How it all hangs together
April 19, 2012
So there’s a few lumps of code on Github that are supposed to make this blog happen. But what is it that makes it all work, process-wise? How can I make this a “just commit it and it goes” kind of operation?
Well, it’s basically Jenkins. Jenkins is a build manager, or, more generally speaking, a manager of automated tasks. It was originally designed for building software (that is, doing all the things that need to happen to turn source code into stuff the computer can actually understand), so it plugs into source control repositories very nicely indeed. And given that the whole idea of this blog is that it uses a source control repository for storage, that’s exactly what I need.
Now, let me be honest: getting Jenkins running on Ubuntu at the latest version took me a while. I installed Hudson (Jenkins’s previous incarnation) first and tried that, then got rid of it and installed Jenkins from the Ubuntu APT repository. Then I found that version was old and didn’t support the plugins I wanted, so I got rid of that one and found the APT repository that’s maintained by the folks who make Jenkins. So learn from my time-wastage: go to the Jenkins wiki and follow the “Installation” instructions (or go here and follow the only instructions) if you want to install Jenkins on Debian or Ubuntu.
Now, back to the fun. For me, the task that needs automating is translating my mountain of YAML templates and YAML/Markdown blog posts into HTML pages such as this one, which your browser can present nicely for you to read. I don’t want to have to run that task myself each time I make a post, and then manually upload the resulting lump of HTML to the website. I want that taken care of, so I can work on more interesting things, like drinking and sleeping.
Any automated task needs to know a few things: when to start, what to do, and what should happen next. Jenkins lets you specify these things quite adequately on its Job Configuration page. In my case, I want the process to kick off whenever I commit a new post, or make a change to an existing one. So I tell Jenkins to check my Github every 5 minutes for new commits.
Now because I also make changes to my template and my build process, both of which are also on Github, I ask Jenkins to check those too. Unfortunately getting Jenkins to check out code from more than 1 repo in a single Job is horribly difficult, so I have a separate Job for each repo.

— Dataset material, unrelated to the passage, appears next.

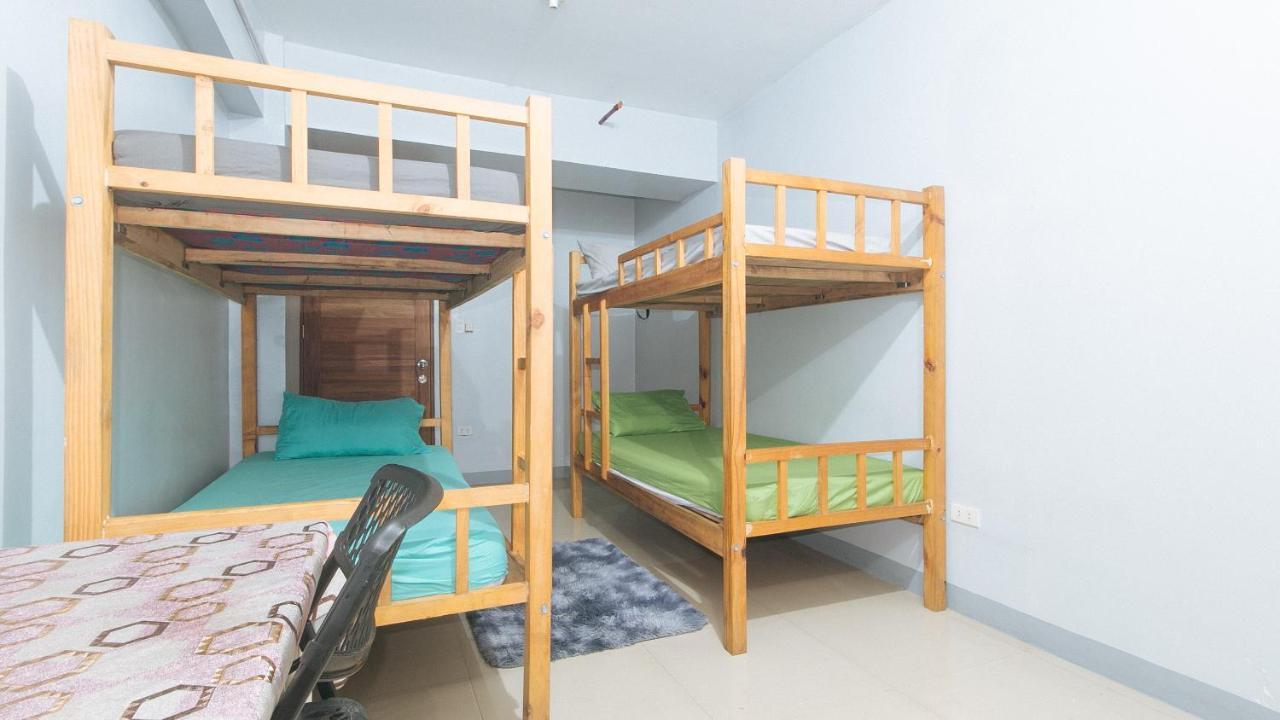 Budget Backpackers Transient House Near Naia By Reddoorz Пасай Екстериор снимка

Then I tell Jenkins to kick off the “get the templates” task after it’s finished the “get the posts” task. And after that, the “get the build process code” task.
After it’s got all the code, we’re ready to start building. I’ve made a fourth Job, and this one actually does what we’re here to do: build the blog. It runs the Rake task that translates the YAML and Markdown into HTML and inserts templates in the appropriate places, and puts all the HTML into one folder. Which leads us to the next task…
Uploading to the server! I use Amazon S3 to host this puppy, so s3cmd is my wingman here. It synchronises the HTML folder with the S3 bucket I’ve designated to hold my blog. This task could just as easily be an FTP job, or whichever other means of shifting bits takes your fancy. I just make an “Execute shell” build task that runs s3cmd with my chosen parameters. You only have to configure s3cmd once - it remembers your credentials, so you don’t have to tell Jenkins.
“But hold on! Why didn’t you just use the S3 plugin for Jenkins?” Well, I’m glad you asked. Sort of. Not really. But anyway, there were a couple of reasons. Firstly, I couldn’t figure out how to get Jenkins to upload all the files I needed and preserve folder structure when uploading to S3. Second, s3cmd only changes the files that need to be changed, which may not make much of a difference now, but as the blog grows (particularly if I post lots of photos) it will become much more important.
So that’s basically it. 9 paragraphs and 5 Jenkins jobs later, that’s all there is to it.